What you should do: Nothing but the lines from the top of the following entries through the line with "Couple à la" should be printed, exactly as they are.

Exercise input:

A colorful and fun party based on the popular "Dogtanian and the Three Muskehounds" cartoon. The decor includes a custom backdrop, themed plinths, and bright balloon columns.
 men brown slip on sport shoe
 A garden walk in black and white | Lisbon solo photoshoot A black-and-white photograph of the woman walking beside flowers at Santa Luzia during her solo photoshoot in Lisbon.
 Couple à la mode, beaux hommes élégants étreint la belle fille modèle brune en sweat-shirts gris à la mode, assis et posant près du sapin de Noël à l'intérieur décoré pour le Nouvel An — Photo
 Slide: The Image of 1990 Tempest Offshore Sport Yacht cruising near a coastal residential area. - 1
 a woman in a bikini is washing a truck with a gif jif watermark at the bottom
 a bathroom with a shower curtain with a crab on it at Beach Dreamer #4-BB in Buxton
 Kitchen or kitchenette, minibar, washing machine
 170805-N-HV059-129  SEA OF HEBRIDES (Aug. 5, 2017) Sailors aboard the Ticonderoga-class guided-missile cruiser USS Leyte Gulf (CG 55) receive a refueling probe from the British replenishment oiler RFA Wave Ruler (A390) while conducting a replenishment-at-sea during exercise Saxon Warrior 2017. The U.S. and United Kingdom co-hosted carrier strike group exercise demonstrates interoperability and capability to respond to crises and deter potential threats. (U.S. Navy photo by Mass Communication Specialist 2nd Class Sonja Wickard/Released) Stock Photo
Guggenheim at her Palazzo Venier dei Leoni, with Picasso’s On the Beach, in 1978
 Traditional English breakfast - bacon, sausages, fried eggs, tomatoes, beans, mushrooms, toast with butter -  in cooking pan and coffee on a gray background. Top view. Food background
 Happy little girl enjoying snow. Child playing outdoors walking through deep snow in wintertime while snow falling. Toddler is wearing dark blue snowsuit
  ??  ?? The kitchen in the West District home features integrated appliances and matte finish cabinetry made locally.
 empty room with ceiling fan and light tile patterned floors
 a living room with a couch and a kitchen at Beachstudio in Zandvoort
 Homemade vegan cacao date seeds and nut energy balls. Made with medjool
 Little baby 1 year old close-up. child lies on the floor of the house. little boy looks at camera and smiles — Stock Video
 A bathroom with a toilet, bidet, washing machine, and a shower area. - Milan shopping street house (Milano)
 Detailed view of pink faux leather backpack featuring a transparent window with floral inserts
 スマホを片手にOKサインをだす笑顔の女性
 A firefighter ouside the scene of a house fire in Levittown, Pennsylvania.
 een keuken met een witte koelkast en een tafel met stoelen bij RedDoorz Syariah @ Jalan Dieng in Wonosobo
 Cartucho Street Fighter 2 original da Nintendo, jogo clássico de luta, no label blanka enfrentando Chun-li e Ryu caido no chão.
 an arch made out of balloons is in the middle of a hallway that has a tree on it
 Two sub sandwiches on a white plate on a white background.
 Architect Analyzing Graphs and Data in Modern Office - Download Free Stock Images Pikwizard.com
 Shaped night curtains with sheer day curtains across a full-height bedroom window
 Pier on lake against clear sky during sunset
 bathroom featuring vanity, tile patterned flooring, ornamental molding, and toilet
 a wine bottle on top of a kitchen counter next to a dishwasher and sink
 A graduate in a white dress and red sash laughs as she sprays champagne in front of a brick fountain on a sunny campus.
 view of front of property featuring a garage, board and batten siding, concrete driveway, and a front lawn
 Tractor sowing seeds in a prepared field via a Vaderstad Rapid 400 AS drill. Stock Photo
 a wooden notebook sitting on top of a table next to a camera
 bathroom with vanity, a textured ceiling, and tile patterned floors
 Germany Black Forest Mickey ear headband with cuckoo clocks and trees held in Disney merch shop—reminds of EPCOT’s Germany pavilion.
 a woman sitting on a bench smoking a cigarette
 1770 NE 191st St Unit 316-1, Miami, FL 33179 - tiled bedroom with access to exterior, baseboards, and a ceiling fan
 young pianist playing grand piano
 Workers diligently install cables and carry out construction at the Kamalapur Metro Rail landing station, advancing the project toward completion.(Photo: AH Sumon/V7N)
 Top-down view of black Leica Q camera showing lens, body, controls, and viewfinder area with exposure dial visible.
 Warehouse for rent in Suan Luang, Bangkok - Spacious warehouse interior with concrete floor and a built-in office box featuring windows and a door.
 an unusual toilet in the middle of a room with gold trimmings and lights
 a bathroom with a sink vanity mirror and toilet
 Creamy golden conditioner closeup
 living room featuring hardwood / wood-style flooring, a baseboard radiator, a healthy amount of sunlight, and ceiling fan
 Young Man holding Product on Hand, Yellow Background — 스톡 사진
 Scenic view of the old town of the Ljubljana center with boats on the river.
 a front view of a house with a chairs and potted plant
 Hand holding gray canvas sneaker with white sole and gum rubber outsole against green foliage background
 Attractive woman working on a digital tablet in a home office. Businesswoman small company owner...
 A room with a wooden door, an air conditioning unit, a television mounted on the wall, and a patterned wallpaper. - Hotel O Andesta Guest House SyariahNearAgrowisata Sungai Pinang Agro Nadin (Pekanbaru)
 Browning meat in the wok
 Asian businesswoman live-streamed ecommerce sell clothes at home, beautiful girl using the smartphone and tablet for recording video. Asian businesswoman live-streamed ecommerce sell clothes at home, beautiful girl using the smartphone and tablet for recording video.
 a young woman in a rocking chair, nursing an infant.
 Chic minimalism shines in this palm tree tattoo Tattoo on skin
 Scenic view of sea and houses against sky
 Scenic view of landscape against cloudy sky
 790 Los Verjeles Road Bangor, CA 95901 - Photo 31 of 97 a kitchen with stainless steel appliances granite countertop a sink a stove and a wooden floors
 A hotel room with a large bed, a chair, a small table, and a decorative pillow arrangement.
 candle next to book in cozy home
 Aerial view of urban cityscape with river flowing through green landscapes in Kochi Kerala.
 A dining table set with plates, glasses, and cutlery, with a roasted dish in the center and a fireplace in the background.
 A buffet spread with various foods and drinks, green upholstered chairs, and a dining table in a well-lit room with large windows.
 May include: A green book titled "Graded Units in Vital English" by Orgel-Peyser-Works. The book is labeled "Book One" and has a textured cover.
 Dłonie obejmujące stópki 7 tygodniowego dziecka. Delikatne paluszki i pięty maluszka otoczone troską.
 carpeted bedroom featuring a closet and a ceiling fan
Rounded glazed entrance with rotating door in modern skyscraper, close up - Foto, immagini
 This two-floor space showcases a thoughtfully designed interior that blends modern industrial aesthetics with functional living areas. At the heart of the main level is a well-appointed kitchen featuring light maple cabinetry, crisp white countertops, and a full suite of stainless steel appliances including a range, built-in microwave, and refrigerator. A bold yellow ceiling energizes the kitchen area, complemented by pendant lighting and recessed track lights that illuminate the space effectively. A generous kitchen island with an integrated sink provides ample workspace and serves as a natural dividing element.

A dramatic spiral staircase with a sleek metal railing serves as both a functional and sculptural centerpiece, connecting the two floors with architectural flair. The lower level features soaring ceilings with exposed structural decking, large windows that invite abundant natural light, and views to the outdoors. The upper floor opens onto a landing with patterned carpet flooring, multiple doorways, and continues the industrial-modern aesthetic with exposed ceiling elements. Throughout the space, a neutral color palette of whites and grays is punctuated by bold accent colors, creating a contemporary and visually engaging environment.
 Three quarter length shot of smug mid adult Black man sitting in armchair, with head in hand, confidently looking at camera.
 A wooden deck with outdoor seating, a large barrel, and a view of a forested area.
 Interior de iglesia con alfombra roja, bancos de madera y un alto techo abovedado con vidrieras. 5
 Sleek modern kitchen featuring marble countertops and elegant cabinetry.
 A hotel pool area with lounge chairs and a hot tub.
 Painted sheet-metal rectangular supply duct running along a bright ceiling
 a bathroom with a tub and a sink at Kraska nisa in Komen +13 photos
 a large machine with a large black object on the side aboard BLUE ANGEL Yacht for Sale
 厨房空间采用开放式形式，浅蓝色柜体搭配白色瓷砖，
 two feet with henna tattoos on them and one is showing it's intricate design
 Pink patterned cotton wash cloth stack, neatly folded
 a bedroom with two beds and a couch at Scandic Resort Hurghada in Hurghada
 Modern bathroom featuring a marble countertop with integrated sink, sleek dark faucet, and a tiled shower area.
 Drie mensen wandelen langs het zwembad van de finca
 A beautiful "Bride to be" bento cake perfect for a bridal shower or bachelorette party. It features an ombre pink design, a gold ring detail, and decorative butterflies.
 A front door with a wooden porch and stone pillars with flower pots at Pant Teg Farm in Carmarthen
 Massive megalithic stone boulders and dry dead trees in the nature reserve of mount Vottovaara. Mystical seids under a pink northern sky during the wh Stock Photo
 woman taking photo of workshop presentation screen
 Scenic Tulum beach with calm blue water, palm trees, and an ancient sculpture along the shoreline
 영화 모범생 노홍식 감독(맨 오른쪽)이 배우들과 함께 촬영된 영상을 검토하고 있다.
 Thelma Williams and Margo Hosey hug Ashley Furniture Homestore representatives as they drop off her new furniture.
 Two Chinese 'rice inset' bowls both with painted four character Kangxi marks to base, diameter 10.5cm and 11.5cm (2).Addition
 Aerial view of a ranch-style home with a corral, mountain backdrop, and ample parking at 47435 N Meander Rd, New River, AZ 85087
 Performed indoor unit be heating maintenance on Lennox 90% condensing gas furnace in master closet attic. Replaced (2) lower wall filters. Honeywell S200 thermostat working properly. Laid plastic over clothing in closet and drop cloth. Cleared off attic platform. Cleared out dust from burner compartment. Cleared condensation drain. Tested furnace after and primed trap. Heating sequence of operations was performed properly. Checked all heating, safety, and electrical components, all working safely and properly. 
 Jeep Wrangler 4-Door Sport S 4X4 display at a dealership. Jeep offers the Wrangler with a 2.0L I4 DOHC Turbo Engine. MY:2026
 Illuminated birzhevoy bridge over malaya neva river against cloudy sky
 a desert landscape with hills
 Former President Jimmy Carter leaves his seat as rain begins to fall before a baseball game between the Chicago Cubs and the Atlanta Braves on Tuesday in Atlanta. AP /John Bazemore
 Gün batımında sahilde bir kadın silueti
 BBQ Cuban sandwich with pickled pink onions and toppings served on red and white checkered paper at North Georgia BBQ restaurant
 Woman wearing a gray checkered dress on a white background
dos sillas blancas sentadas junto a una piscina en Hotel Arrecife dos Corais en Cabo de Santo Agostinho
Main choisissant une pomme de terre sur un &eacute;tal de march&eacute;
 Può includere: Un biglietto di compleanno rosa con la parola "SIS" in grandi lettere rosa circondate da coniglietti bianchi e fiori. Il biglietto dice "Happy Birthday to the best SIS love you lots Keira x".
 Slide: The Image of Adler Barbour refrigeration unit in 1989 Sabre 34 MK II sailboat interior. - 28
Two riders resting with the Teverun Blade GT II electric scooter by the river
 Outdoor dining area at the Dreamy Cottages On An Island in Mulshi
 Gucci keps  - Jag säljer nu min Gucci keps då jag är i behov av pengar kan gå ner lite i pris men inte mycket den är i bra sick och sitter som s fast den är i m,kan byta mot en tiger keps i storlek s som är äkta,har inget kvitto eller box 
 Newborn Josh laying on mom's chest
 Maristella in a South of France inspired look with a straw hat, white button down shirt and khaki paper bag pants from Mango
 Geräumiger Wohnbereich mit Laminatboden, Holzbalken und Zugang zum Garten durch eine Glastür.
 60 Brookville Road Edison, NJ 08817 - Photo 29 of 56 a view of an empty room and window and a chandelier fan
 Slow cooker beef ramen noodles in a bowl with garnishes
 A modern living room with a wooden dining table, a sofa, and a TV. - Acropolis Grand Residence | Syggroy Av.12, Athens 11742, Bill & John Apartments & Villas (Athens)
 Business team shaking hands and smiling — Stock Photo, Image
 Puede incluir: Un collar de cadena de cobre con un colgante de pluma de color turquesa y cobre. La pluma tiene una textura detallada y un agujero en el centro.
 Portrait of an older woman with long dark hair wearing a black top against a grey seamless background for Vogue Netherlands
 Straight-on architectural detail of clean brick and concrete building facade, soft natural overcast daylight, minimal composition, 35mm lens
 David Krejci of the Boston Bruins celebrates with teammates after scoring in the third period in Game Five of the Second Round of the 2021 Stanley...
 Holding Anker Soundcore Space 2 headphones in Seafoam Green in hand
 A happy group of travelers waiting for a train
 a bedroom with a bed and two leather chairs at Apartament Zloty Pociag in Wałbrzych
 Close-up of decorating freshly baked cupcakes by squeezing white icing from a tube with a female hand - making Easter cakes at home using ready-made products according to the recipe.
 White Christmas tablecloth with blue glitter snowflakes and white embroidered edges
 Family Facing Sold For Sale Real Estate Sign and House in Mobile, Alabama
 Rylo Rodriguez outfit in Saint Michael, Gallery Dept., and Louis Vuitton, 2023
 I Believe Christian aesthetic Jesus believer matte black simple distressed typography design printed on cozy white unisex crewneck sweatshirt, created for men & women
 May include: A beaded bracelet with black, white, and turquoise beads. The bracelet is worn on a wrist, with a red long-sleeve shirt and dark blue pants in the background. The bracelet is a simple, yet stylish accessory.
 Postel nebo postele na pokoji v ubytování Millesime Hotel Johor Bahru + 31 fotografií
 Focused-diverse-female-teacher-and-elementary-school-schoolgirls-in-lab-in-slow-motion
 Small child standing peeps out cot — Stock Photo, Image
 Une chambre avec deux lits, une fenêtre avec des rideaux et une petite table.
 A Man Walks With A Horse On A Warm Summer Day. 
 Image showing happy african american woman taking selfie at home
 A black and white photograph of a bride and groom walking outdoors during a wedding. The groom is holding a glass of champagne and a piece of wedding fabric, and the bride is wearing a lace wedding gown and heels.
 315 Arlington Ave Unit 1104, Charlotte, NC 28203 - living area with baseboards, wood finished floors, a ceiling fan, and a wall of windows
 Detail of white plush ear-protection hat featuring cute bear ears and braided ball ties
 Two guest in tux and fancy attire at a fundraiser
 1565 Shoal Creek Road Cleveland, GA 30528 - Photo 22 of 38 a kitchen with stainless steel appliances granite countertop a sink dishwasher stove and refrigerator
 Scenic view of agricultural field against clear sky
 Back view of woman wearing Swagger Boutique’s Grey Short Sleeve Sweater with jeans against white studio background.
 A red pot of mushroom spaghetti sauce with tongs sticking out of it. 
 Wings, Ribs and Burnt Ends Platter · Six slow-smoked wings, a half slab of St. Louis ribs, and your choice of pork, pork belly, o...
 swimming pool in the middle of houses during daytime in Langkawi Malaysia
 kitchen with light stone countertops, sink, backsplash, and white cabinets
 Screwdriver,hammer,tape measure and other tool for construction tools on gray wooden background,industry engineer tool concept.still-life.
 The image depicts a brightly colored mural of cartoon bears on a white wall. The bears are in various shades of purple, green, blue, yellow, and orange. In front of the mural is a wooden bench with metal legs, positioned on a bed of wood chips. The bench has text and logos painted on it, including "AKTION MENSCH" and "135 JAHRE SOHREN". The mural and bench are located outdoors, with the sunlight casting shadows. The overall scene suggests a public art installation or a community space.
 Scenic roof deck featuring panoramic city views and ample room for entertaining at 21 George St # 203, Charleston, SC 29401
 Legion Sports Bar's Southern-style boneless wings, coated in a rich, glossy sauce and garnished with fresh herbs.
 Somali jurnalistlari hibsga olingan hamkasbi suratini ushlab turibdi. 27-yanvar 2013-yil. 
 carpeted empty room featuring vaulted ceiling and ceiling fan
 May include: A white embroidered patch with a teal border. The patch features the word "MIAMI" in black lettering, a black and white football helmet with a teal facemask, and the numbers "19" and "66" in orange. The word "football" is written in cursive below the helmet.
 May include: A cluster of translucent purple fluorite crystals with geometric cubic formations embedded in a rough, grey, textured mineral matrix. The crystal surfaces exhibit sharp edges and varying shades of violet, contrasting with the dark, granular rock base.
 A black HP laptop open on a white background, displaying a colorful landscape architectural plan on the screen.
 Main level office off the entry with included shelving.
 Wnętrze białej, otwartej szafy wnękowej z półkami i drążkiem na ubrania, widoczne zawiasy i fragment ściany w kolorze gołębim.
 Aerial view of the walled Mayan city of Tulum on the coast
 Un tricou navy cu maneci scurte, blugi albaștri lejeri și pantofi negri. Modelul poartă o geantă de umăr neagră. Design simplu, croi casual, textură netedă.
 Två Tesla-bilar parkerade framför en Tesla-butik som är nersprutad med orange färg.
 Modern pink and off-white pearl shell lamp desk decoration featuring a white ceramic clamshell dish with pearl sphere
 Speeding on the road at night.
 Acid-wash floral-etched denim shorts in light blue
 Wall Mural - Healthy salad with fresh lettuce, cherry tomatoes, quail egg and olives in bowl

Result for this exercise:
A colorful and fun party based on the popular "Dogtanian and the Three Muskehounds" cartoon. The decor includes a custom backdrop, themed plinths, and bright balloon columns.
 men brown slip on sport shoe
 A garden walk in black and white | Lisbon solo photoshoot A black-and-white photograph of the woman walking beside flowers at Santa Luzia during her solo photoshoot in Lisbon.
 Couple à la mode, beaux hommes élégants étreint la belle fille modèle brune en sweat-shirts gris à la mode, assis et posant près du sapin de Noël à l'intérieur décoré pour le Nouvel An — Photo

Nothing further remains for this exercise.